Try it: Begin at the line below that holds "norddeich - Männer Premium Bio Hoodie - Navy" and end at the line that holds "433 МГц двусторонний", transcribing each line exactly and skipping any picture.

Extracted data:

────────────────────

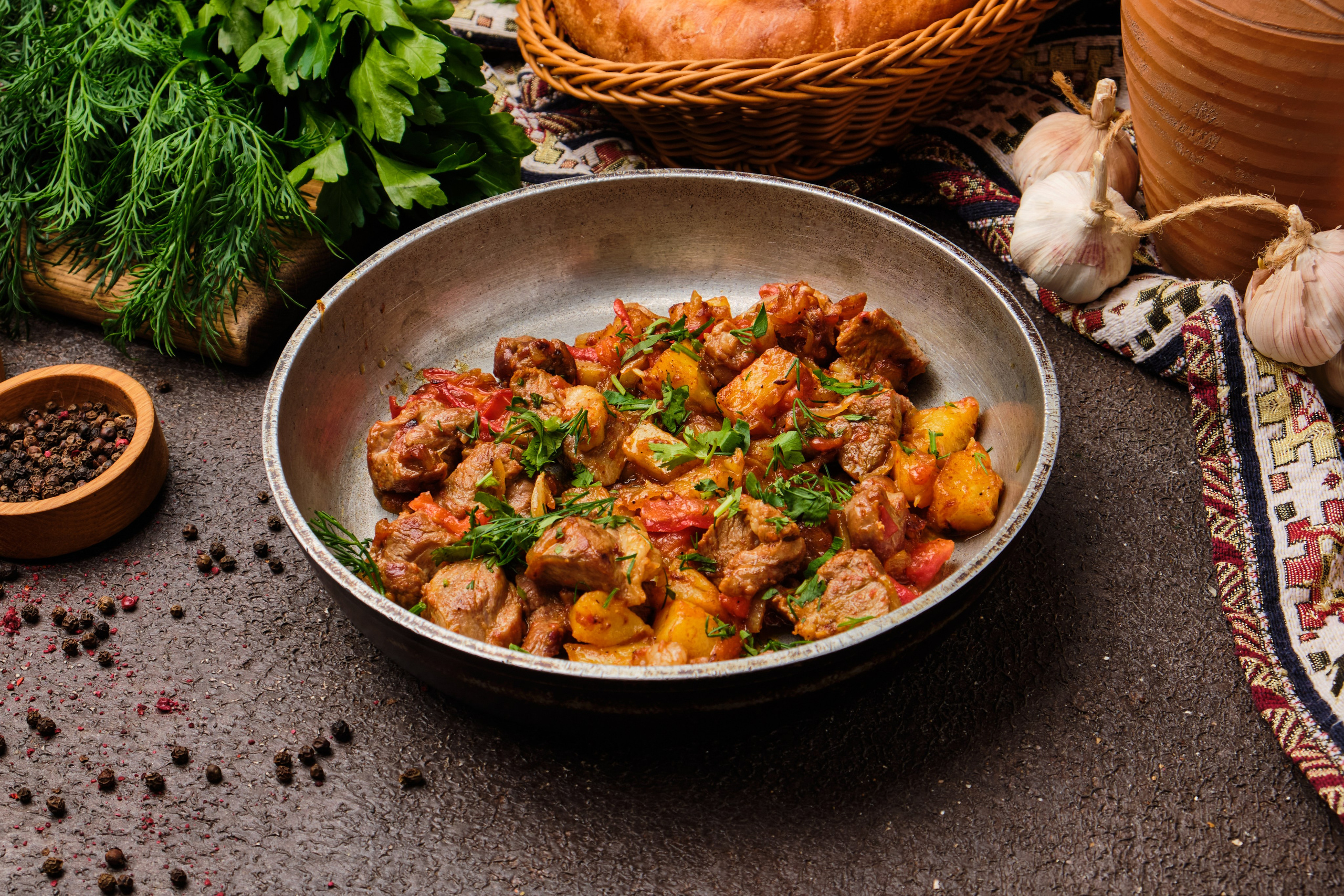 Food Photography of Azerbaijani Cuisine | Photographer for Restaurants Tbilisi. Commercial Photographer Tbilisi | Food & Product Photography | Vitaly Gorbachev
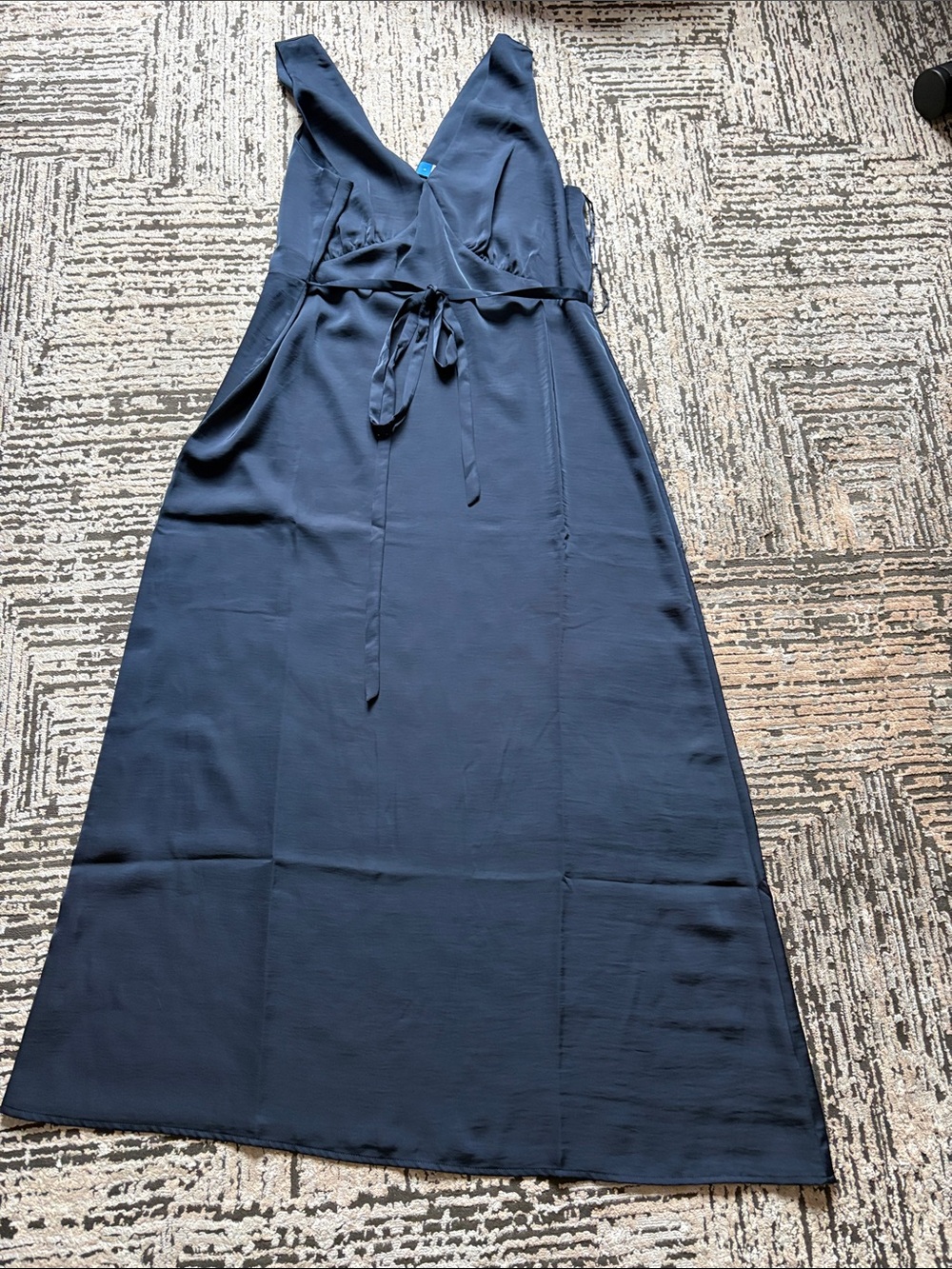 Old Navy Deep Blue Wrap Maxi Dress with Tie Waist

────────────────────

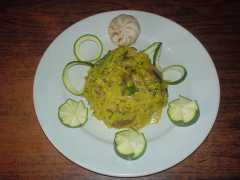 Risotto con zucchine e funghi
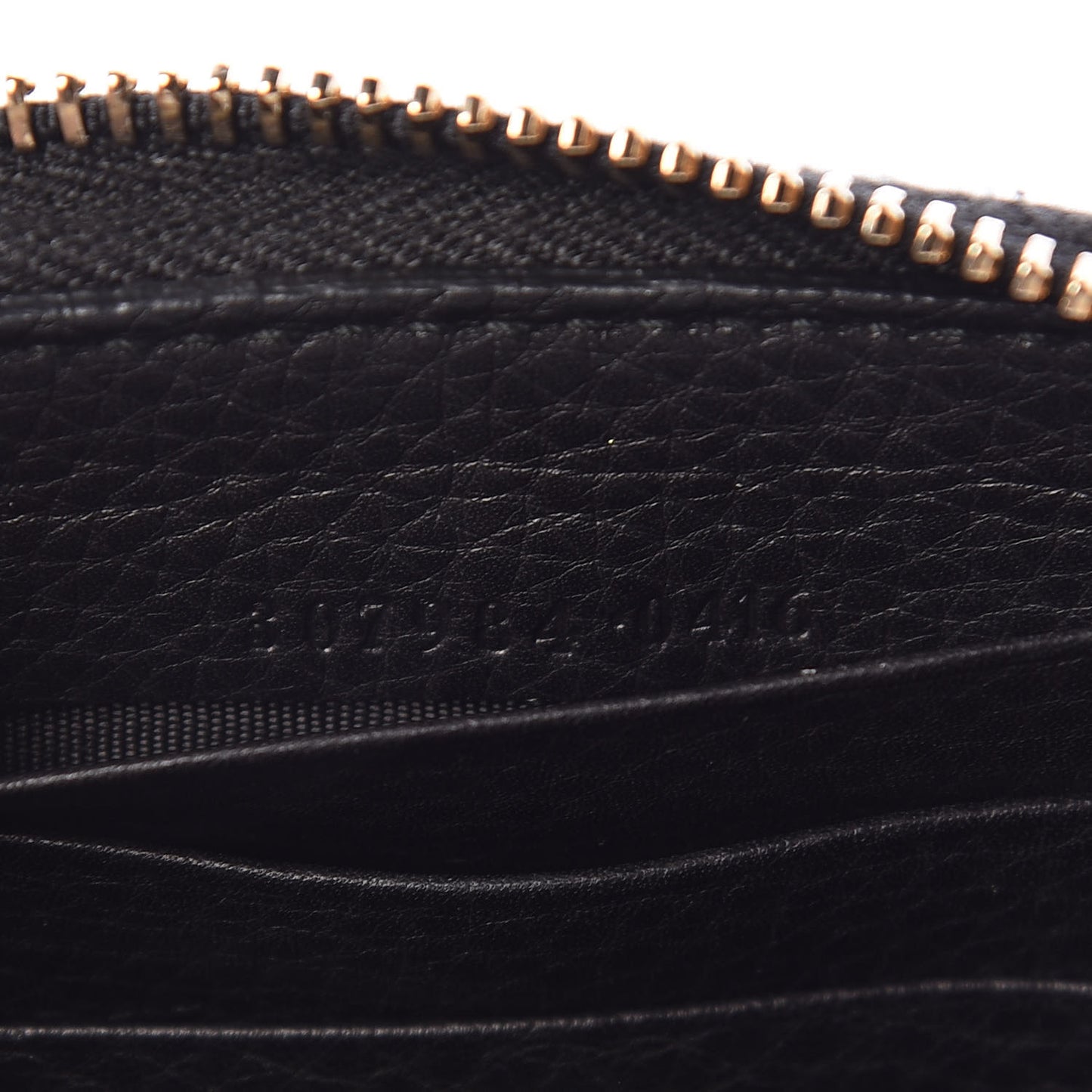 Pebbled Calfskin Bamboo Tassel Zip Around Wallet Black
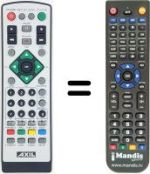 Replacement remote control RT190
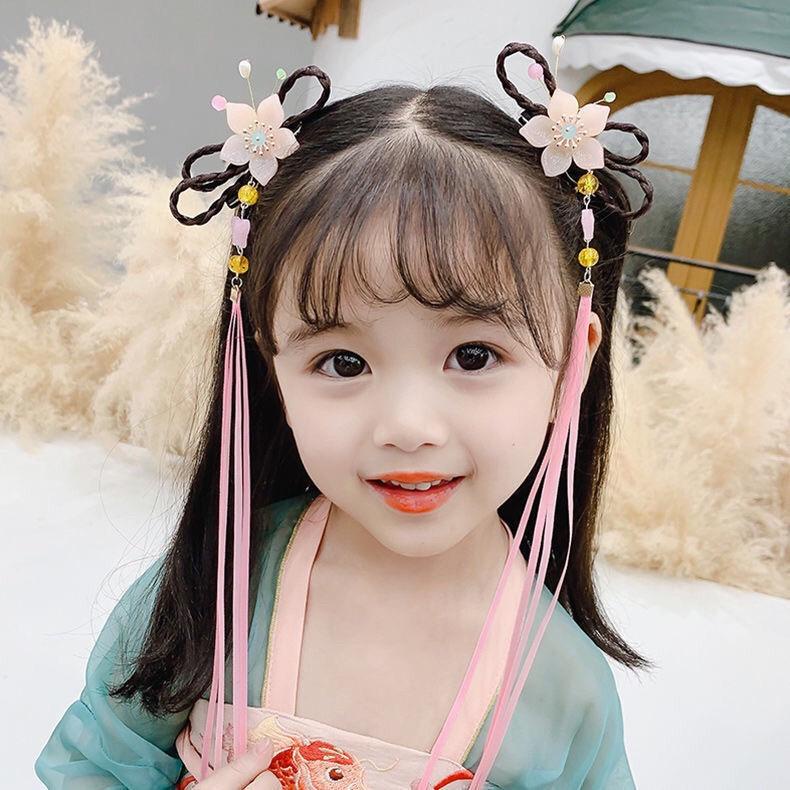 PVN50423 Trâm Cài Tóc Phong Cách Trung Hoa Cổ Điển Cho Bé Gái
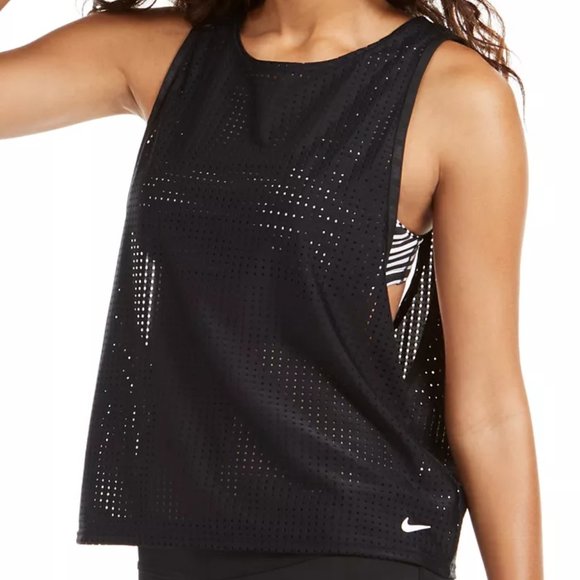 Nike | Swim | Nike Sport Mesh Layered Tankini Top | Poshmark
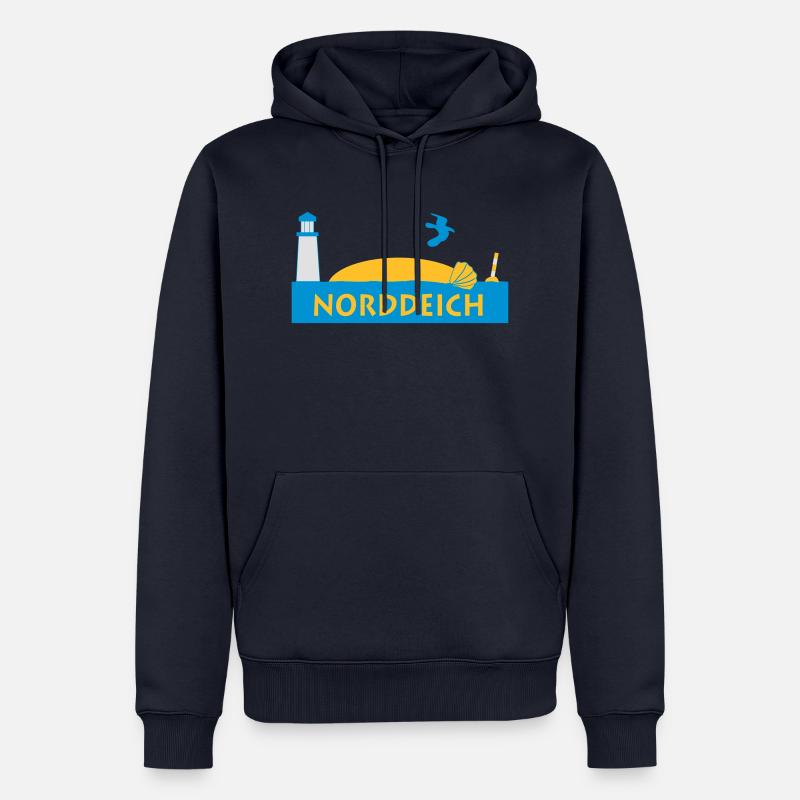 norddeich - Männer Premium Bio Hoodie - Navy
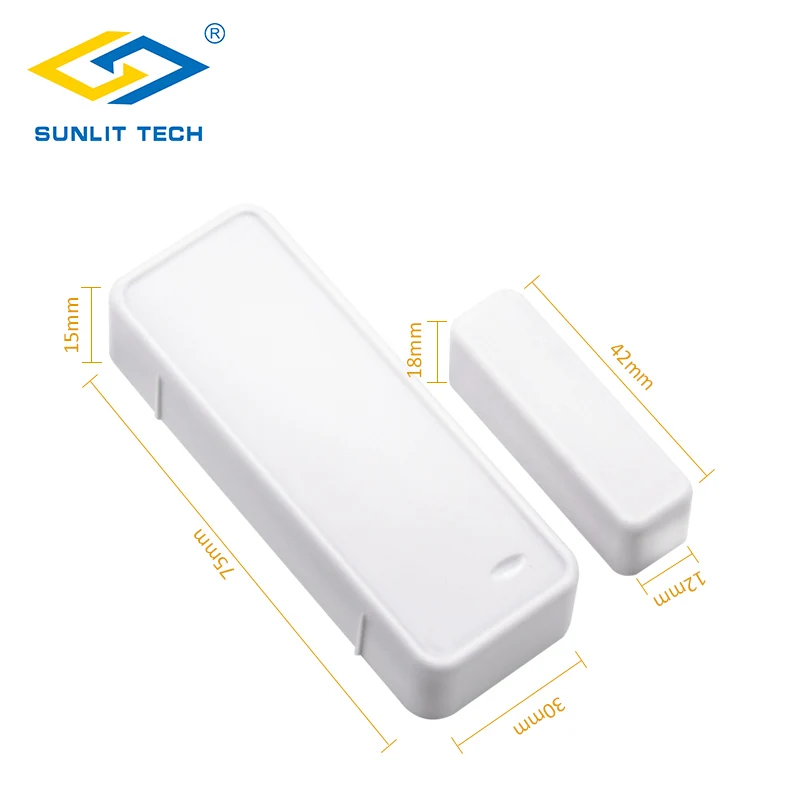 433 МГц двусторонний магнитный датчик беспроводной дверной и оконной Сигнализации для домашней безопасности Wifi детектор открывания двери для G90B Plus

────────────────────

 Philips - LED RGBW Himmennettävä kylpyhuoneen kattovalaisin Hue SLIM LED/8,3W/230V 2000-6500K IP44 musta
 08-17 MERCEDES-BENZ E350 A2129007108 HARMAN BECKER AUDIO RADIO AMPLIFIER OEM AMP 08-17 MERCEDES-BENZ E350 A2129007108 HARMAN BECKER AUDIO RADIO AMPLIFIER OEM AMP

────────────────────

Response to this task:
 norddeich - Männer Premium Bio Hoodie - Navy
 433 МГц двусторонний магнитный датчик беспроводной дверной и оконной Сигнализации для домашней безопасности Wifi детектор открывания двери для G90B Plus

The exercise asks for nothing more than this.